Exercise brief: Copy, with no pictures, the line that contains "Volkswagen Lavida 2019 1.5L AT Comfort VI" and each line after it down to the end of the entries below, exactly.

_ _ _ _ _

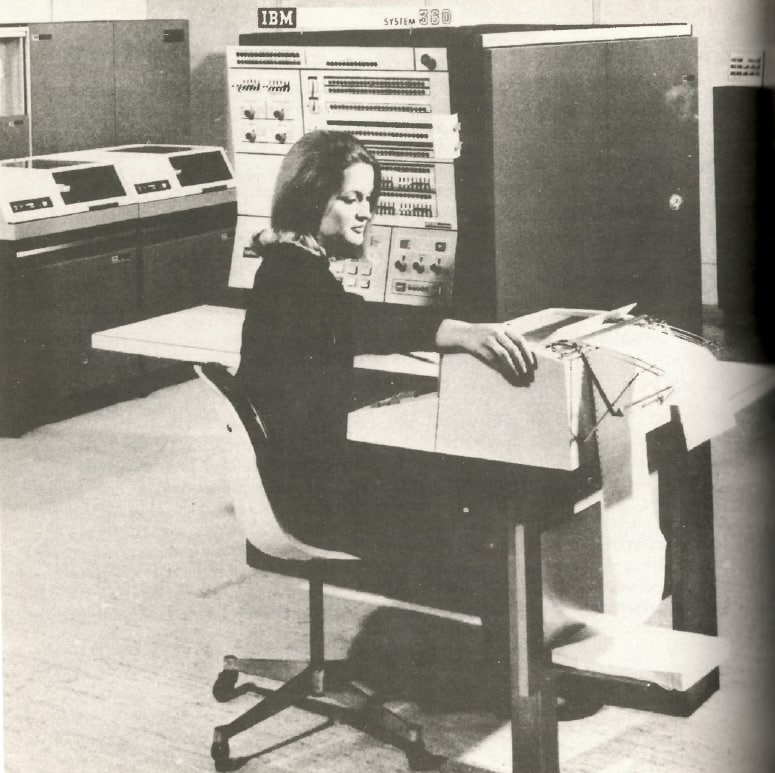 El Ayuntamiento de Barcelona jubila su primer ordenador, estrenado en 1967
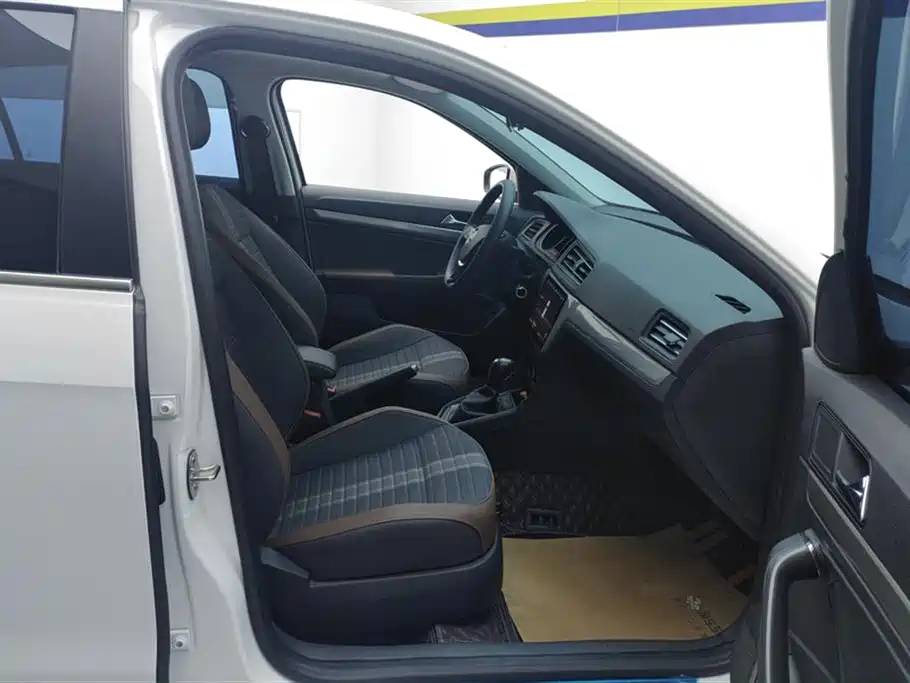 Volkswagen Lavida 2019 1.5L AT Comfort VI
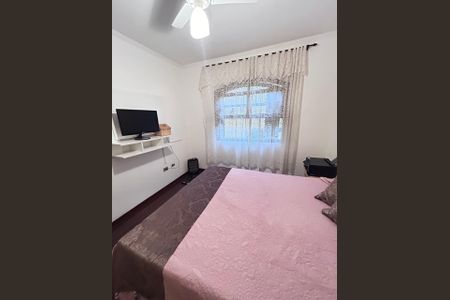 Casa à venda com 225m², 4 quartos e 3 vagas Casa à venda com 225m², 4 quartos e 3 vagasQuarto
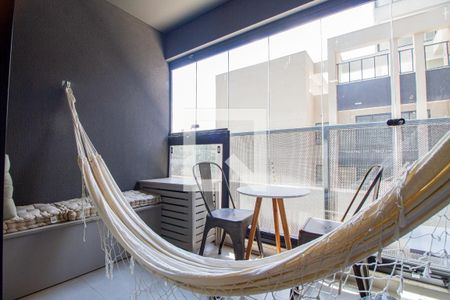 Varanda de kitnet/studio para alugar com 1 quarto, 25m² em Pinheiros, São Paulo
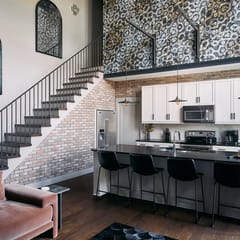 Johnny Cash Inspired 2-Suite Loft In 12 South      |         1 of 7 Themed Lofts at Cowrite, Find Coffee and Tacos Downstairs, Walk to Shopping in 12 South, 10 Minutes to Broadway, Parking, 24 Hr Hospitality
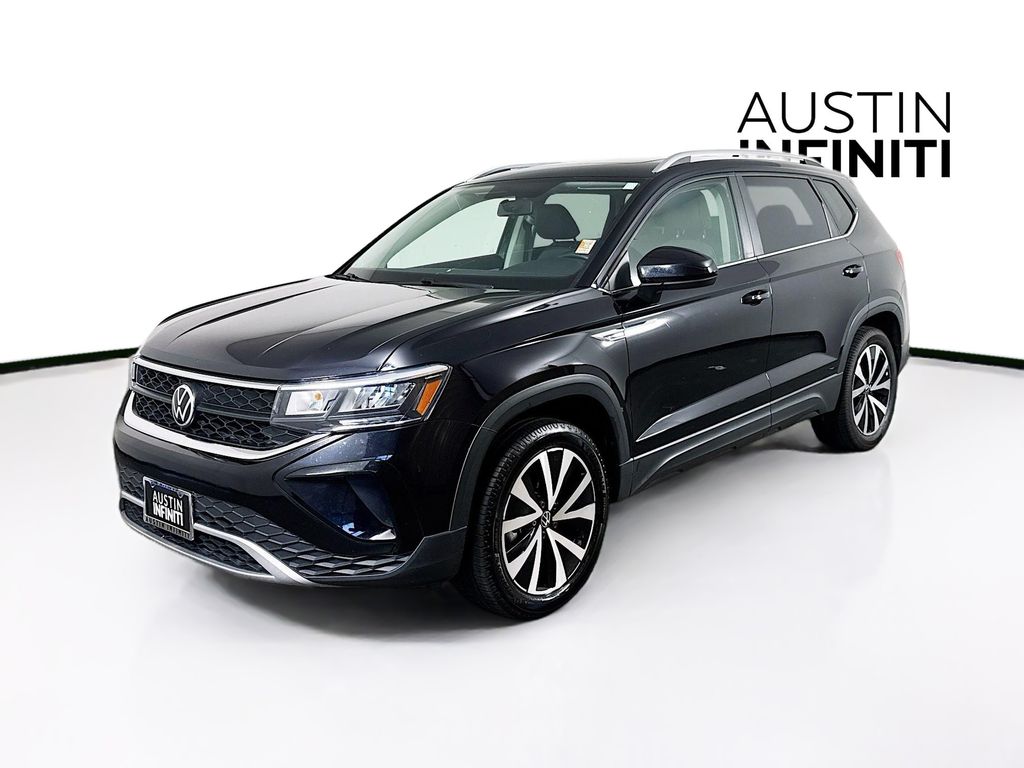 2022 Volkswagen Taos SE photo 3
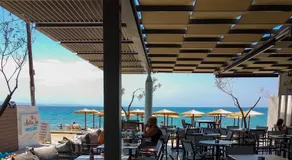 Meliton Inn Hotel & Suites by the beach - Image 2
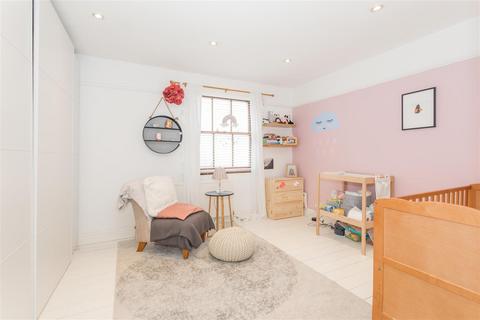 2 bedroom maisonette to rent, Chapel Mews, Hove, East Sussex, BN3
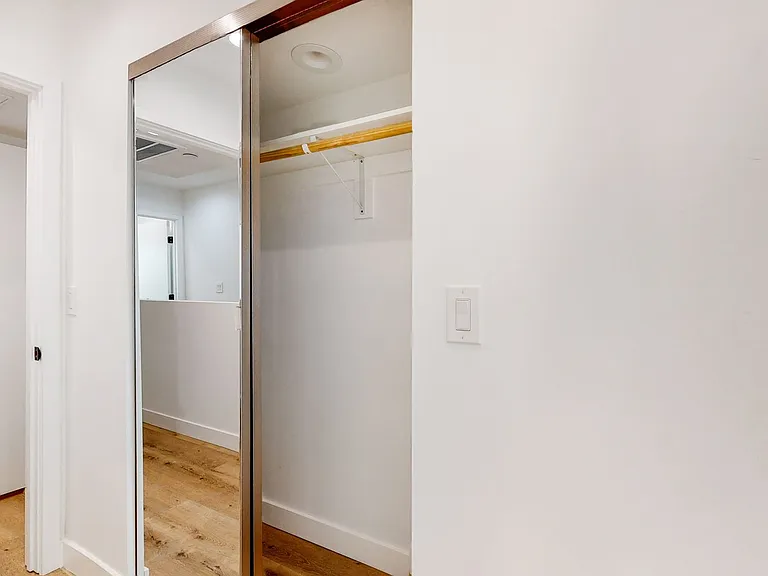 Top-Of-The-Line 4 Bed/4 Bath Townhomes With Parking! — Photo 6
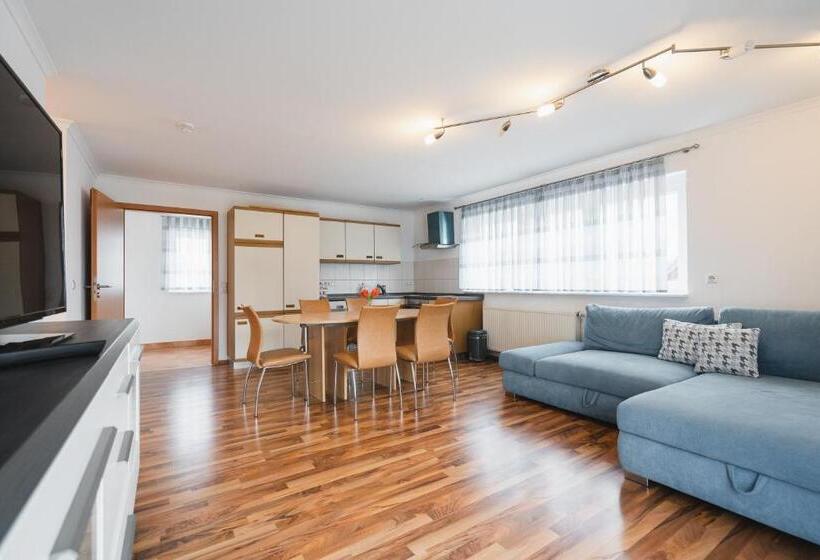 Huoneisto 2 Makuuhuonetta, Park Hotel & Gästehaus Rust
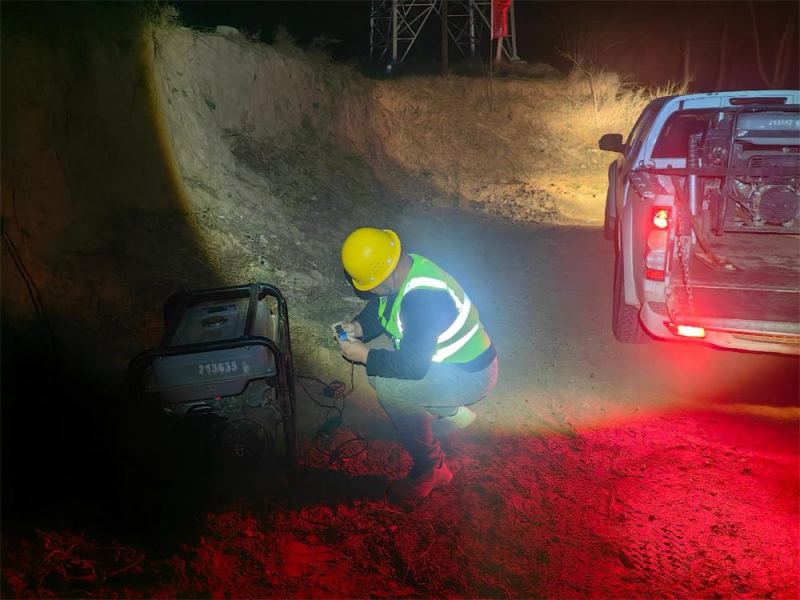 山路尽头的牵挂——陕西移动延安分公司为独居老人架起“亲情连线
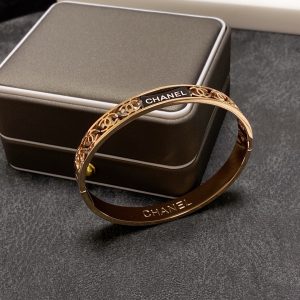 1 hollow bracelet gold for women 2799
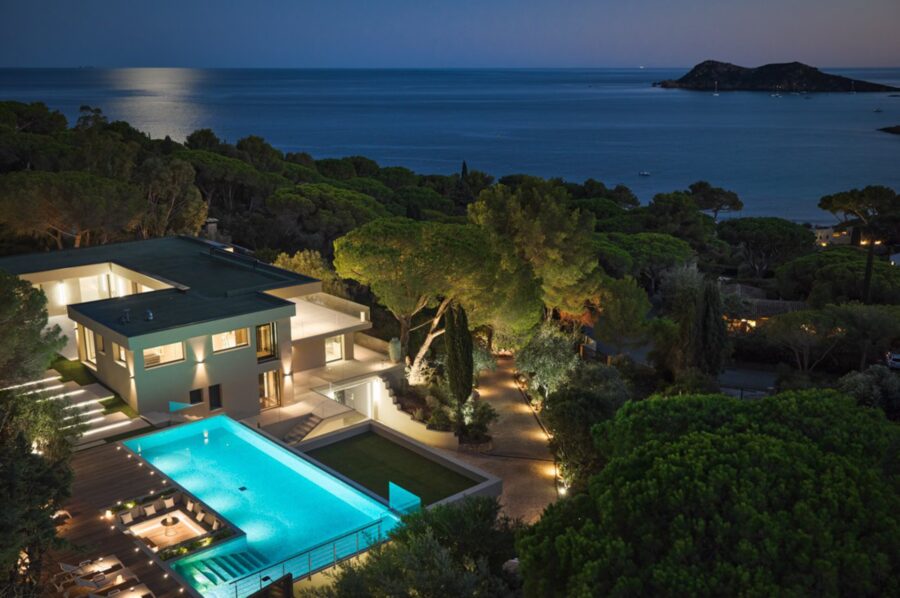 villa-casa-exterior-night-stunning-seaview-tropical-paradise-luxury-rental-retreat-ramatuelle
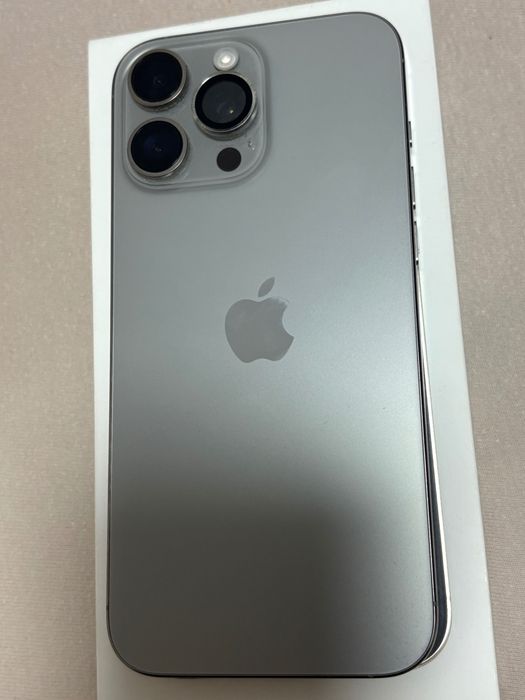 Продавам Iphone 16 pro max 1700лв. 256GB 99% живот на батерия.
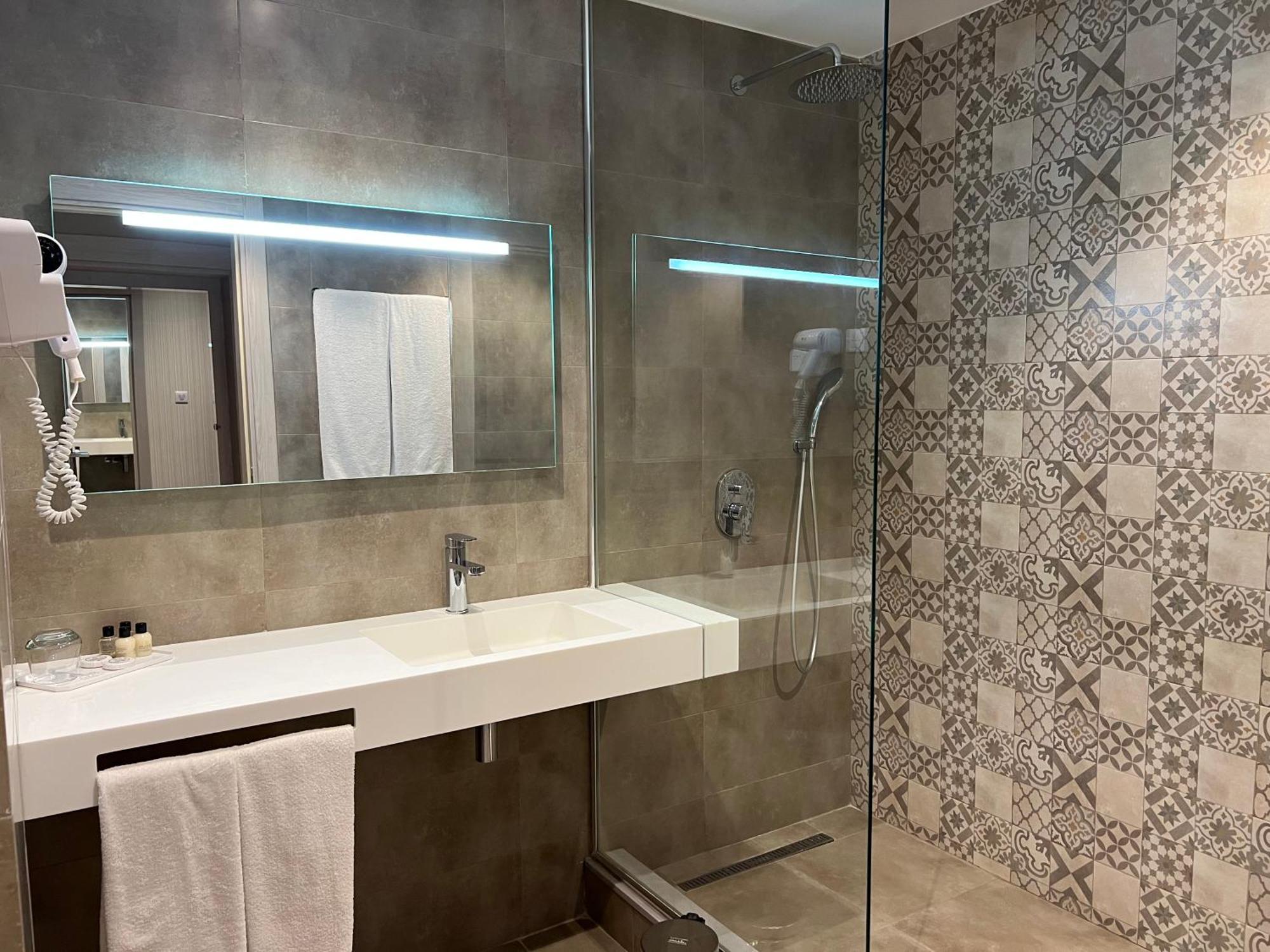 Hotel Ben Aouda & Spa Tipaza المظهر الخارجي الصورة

_ _ _ _ _

Reply:
 Volkswagen Lavida 2019 1.5L AT Comfort VI
 Casa à venda com 225m², 4 quartos e 3 vagas Casa à venda com 225m², 4 quartos e 3 vagasQuarto
 Varanda de kitnet/studio para alugar com 1 quarto, 25m² em Pinheiros, São Paulo
 Johnny Cash Inspired 2-Suite Loft In 12 South      |         1 of 7 Themed Lofts at Cowrite, Find Coffee and Tacos Downstairs, Walk to Shopping in 12 South, 10 Minutes to Broadway, Parking, 24 Hr Hospitality
 2022 Volkswagen Taos SE photo 3
 Meliton Inn Hotel & Suites by the beach - Image 2
 2 bedroom maisonette to rent, Chapel Mews, Hove, East Sussex, BN3
 Top-Of-The-Line 4 Bed/4 Bath Townhomes With Parking! — Photo 6
 Huoneisto 2 Makuuhuonetta, Park Hotel & Gästehaus Rust
 山路尽头的牵挂——陕西移动延安分公司为独居老人架起“亲情连线
 1 hollow bracelet gold for women 2799
 villa-casa-exterior-night-stunning-seaview-tropical-paradise-luxury-rental-retreat-ramatuelle
 Продавам Iphone 16 pro max 1700лв. 256GB 99% живот на батерия.
 Hotel Ben Aouda & Spa Tipaza المظهر الخارجي الصورة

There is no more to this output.